Q: Despite having flash storage on my receiver, REC OFF and No Storage are displayed on the screen. Why is this happening?

You said in the description: Key2: switch button for video recording, short press to change its status. The receiver will automatically check the storage device (micro SD card or USB disk, priority SD card) after powering on and start to record video when the storage device is inserted. Just press the button to stop or record again.

A: The receiving system fails to detect the USB flash drive. The USB flash drive needs to be formatted to a format that our system can recognize.

Q: Both B1 and B2 are zero. This indicates that there is a 0 % Bite error rate!!! Which range of these parameters is acceptable?

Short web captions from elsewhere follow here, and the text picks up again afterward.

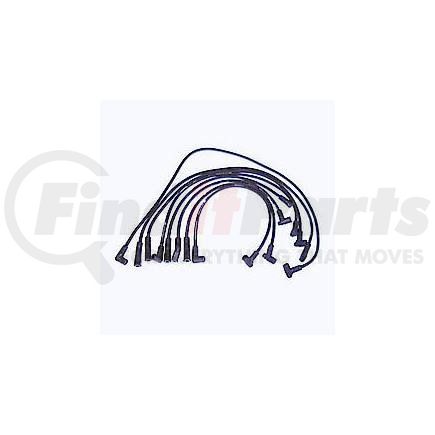 671-8023 by DENSO - Allumage Fil Jeu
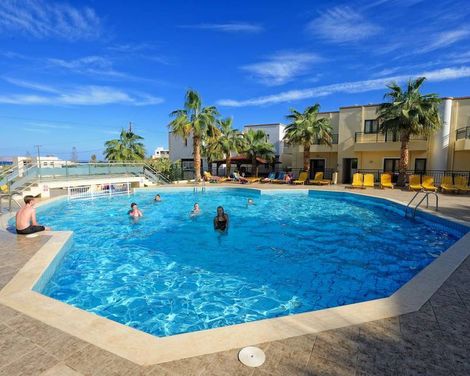 Gouves Water Park Holiday Resort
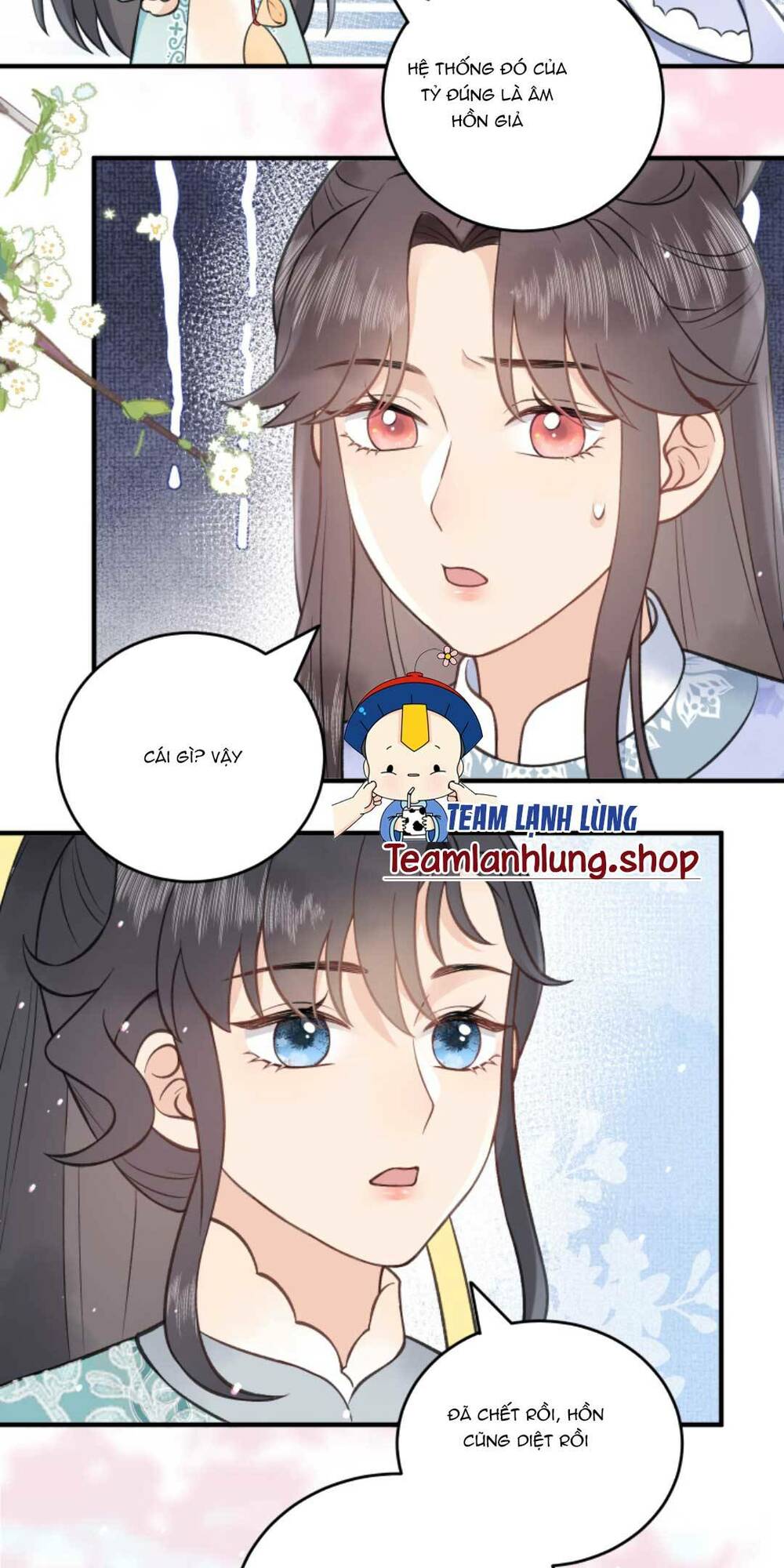 Toàn Tông Môn Đều Là Kẻ Si Tình, Chỉ Có Ta Là Tỉnh Táo: Chapter 168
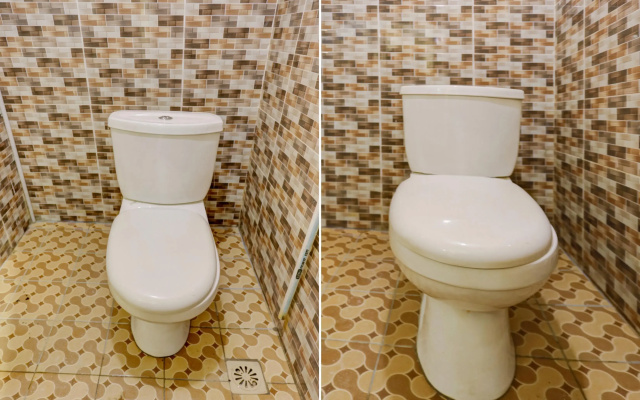 Hotel O Backpaker Seraya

A: The occurrence of a bit error rate may cause problems with the video image. When the bit error rate is very small, it will not affect the video image effect.

COFDM DVB-T H265 SDI Encoder Decoder 3

Q: Can I customize the programmer screen contents?

A: The display content of the configuration panel (programmer) is not open to customers for modification.

Q: Why isn’t the S2 channel programmed? It appears that the second tuner is not functioning at the moment.

A: S2 refers to receiving antenna 2, which can work normally. Frequency and bandwidth are the same  s1 and s2.

Q: Why the latency I calculated is huge? It’s around 470 ms.

In your description coming: The default normal features of our receiver module can be paired with our H.265 transmitter module. The HD video latency from its inputting of the transmitter to the HDMI screen displaying of the receiver is about 200ms to 250ms.

A: The delay we tested was around 250ms. How did you test it? The delay way we tested, please check the Youtube video link.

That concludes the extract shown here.